*EXERCISE REQUIREMENTS*. From the first line of the records below through the line with "T10 0.4W Whale", output each line exactly; skip the pictures.

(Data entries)
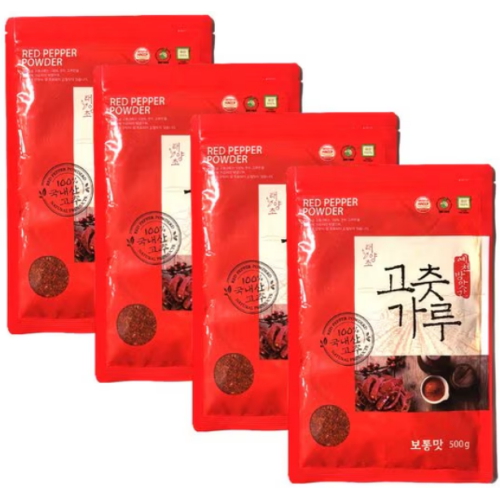 예천청결고추 2026 예천청결 태양초 고춧가루 보통맛 500g (4개)_이미지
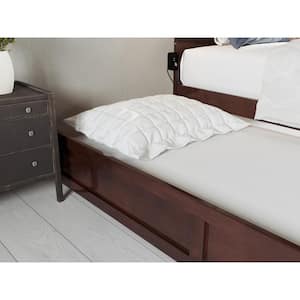 Island Walnut Twin Trundle Roll Out Daybed with wheels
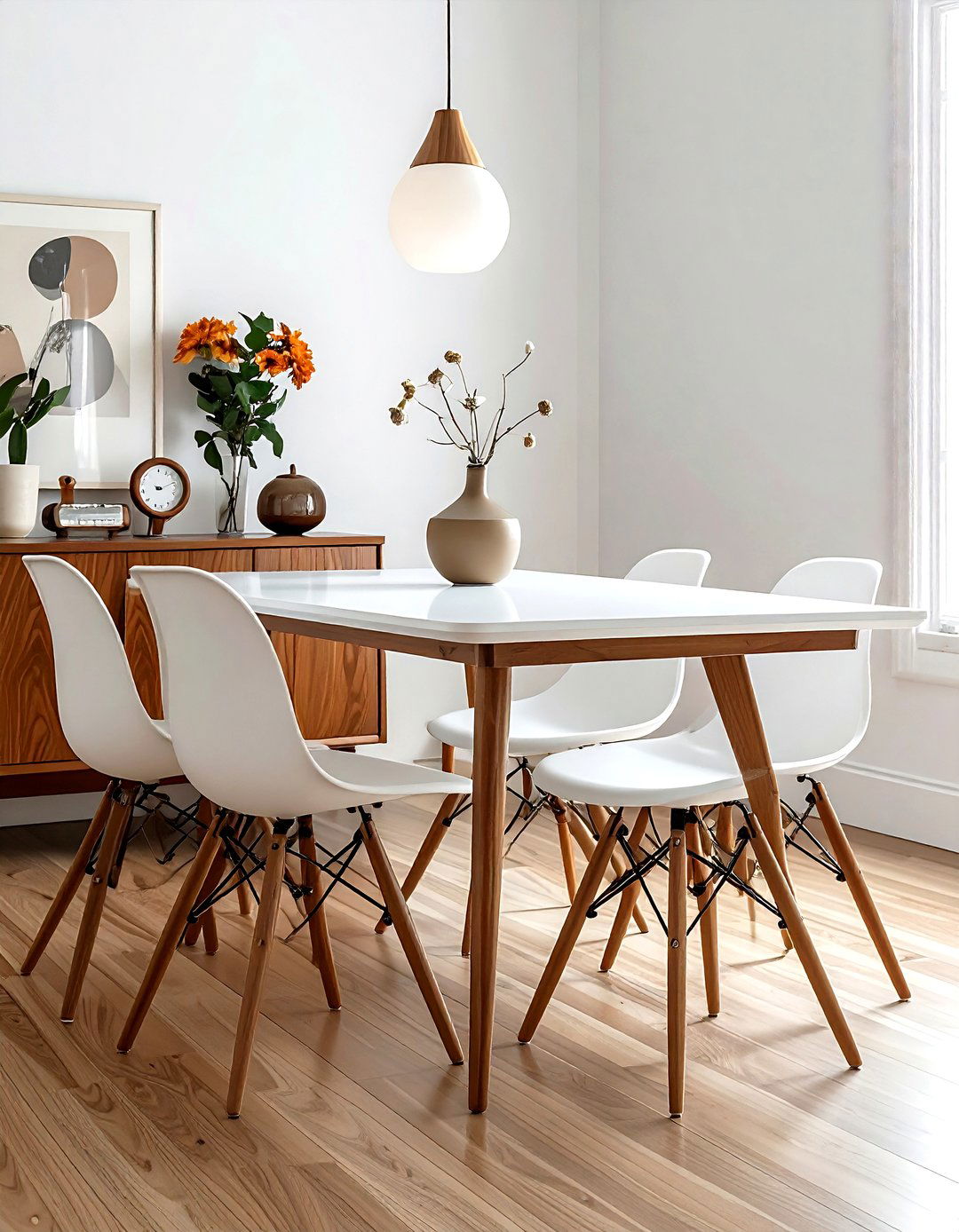 Mid Century Modern White Dining Table - 30 white dining table ideas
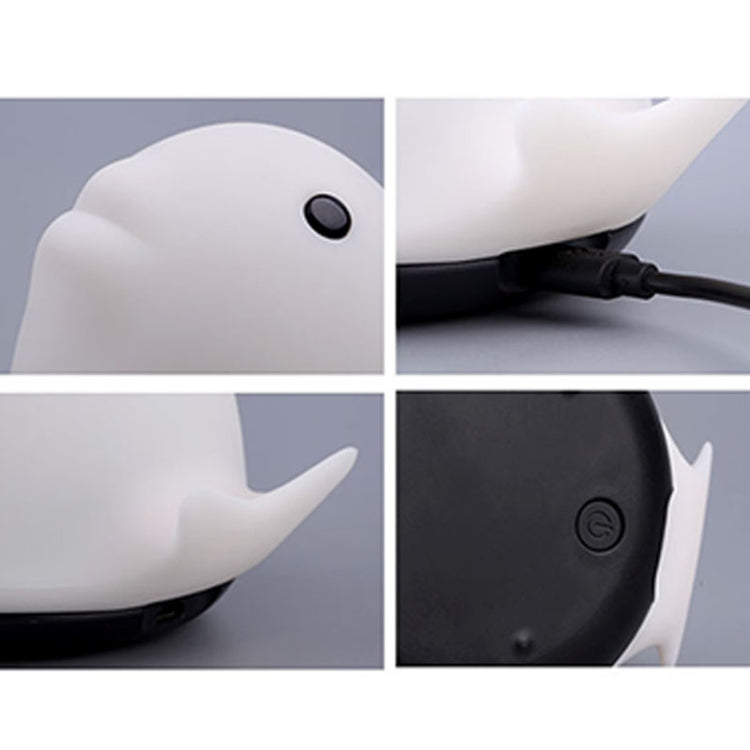 T10 0.4W Whale Shape Patted Colorful Light, USB Charging Silicone Energy-saving LED Night Lamp with Phone Holder(White)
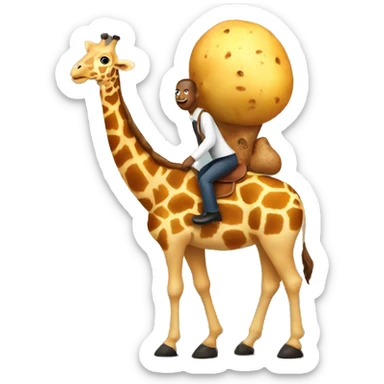 a real potato riding a giraffe  sticker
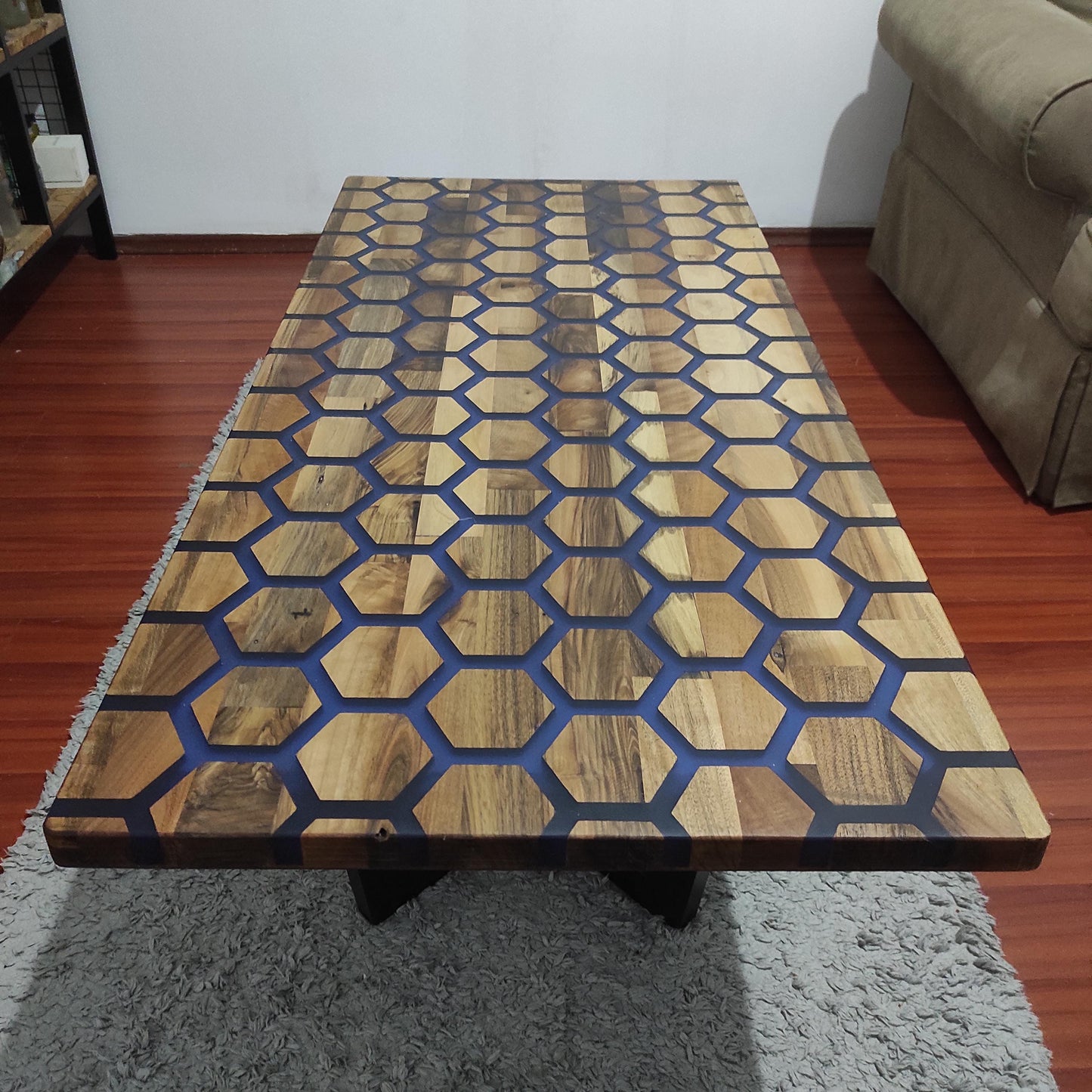 Handmade Hexagonal Olive Wood Coffee Table with Epoxy Resin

*THE COMPLETED TASK*.
 예천청결고추 2026 예천청결 태양초 고춧가루 보통맛 500g (4개)_이미지
 Island Walnut Twin Trundle Roll Out Daybed with wheels
 Mid Century Modern White Dining Table - 30 white dining table ideas
 T10 0.4W Whale Shape Patted Colorful Light, USB Charging Silicone Energy-saving LED Night Lamp with Phone Holder(White)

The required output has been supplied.